WORK REQUEST | Your output should consist of the lines from the first line of the records below through the one with "325 Stone Monument", exactly, minus the pictures.

Image-text web data:
--- START ---
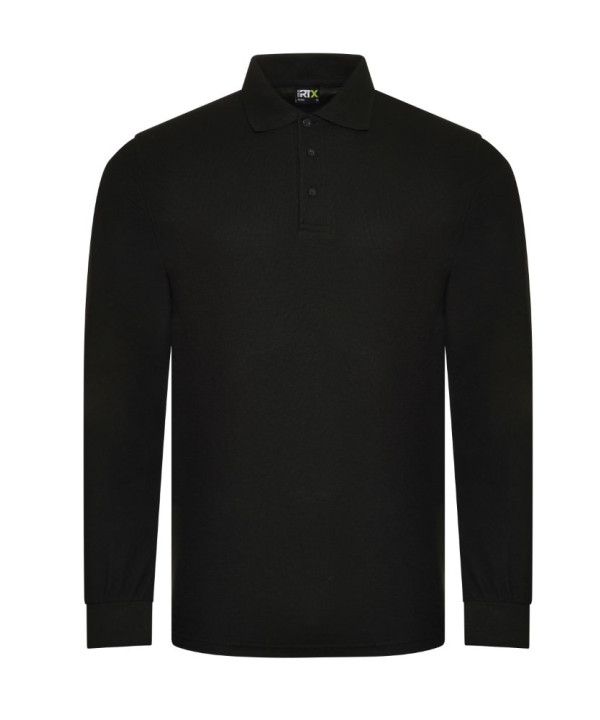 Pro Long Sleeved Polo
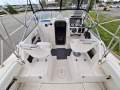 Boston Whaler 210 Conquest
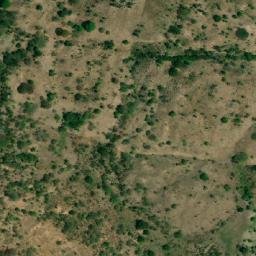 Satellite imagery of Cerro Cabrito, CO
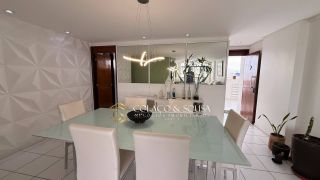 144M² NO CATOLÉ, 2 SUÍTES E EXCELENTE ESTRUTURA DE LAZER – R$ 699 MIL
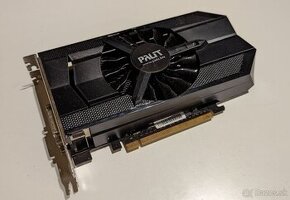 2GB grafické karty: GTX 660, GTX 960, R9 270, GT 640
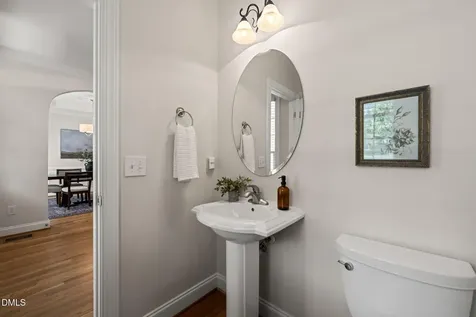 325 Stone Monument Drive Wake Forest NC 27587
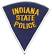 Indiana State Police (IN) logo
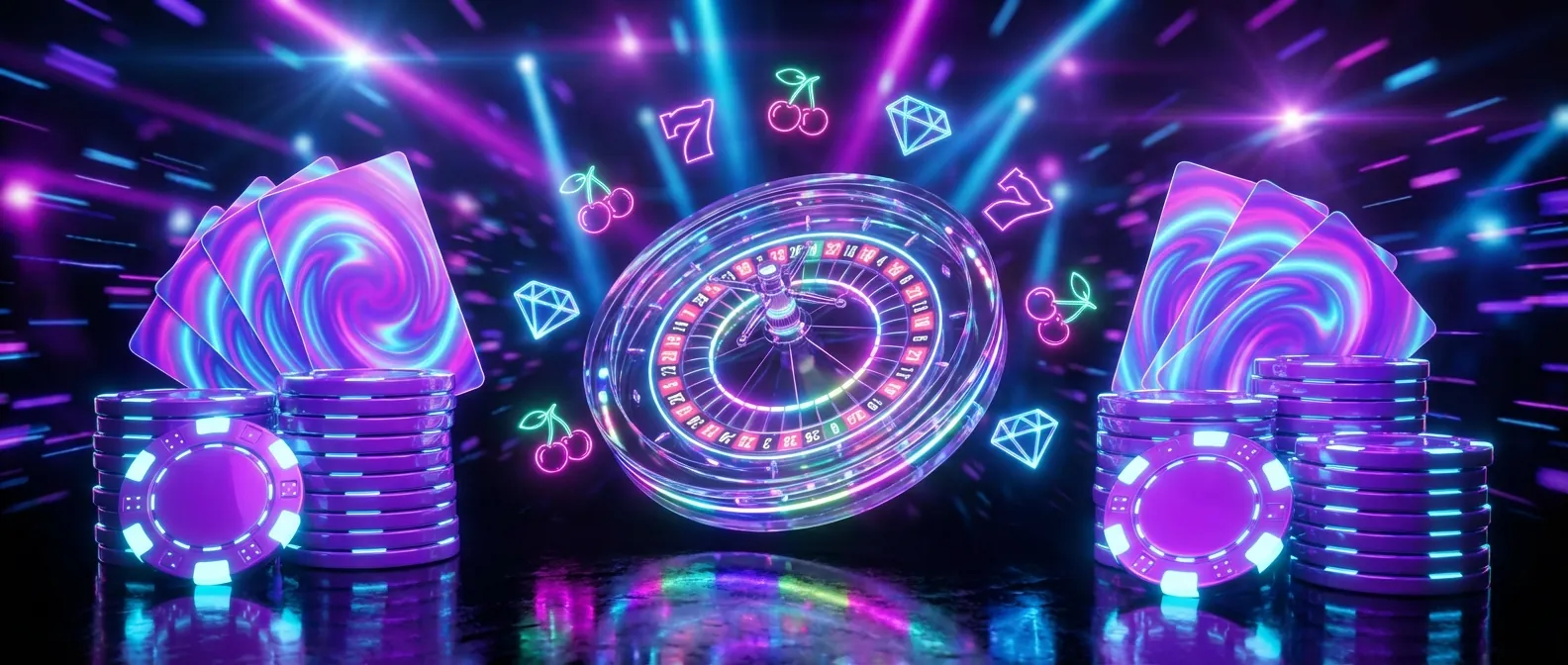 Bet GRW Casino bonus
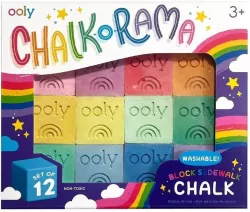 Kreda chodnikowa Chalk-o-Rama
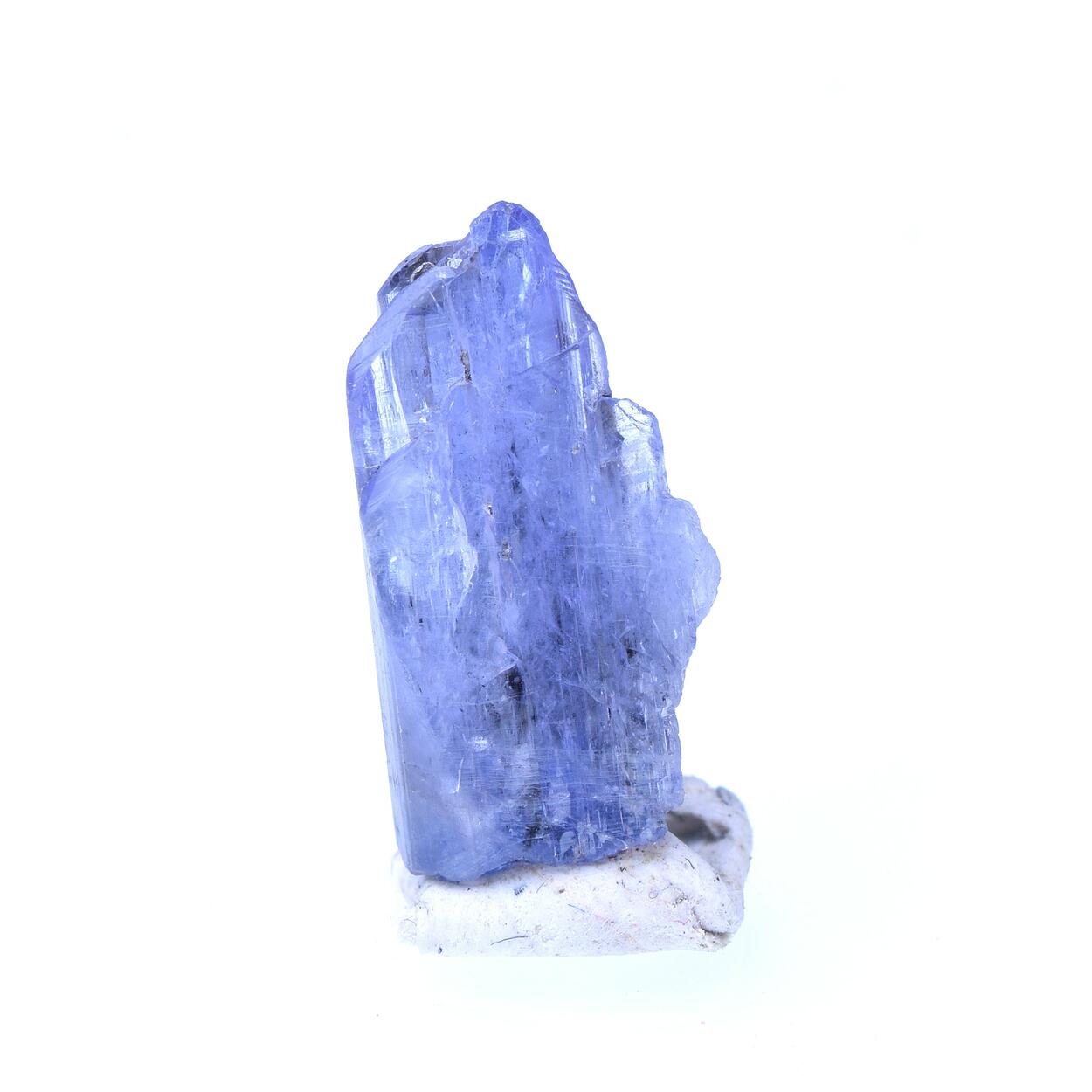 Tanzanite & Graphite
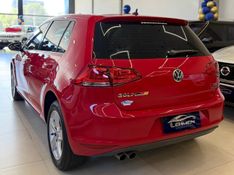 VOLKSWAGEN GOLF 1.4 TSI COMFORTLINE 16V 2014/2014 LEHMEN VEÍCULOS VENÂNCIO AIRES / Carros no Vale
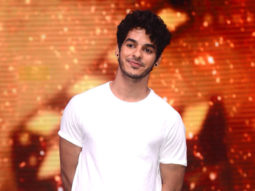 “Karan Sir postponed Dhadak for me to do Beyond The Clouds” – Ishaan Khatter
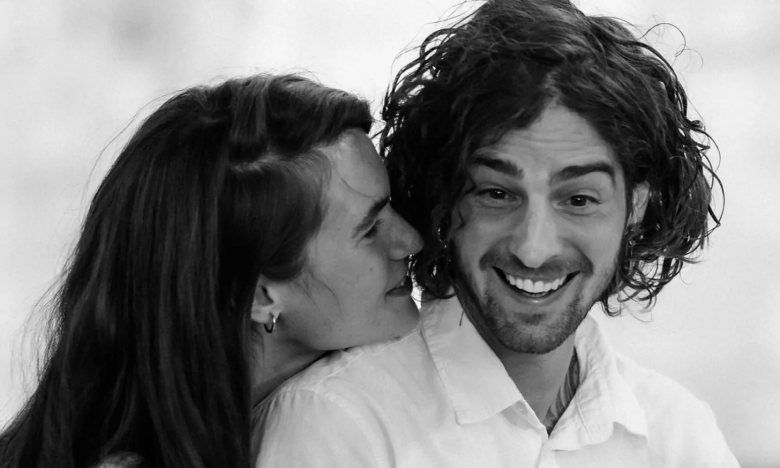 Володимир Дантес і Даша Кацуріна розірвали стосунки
--- END ---
THE ANSWER |
 Pro Long Sleeved Polo
 Boston Whaler 210 Conquest
 Satellite imagery of Cerro Cabrito, CO
 144M² NO CATOLÉ, 2 SUÍTES E EXCELENTE ESTRUTURA DE LAZER – R$ 699 MIL
 2GB grafické karty: GTX 660, GTX 960, R9 270, GT 640
 325 Stone Monument Drive Wake Forest NC 27587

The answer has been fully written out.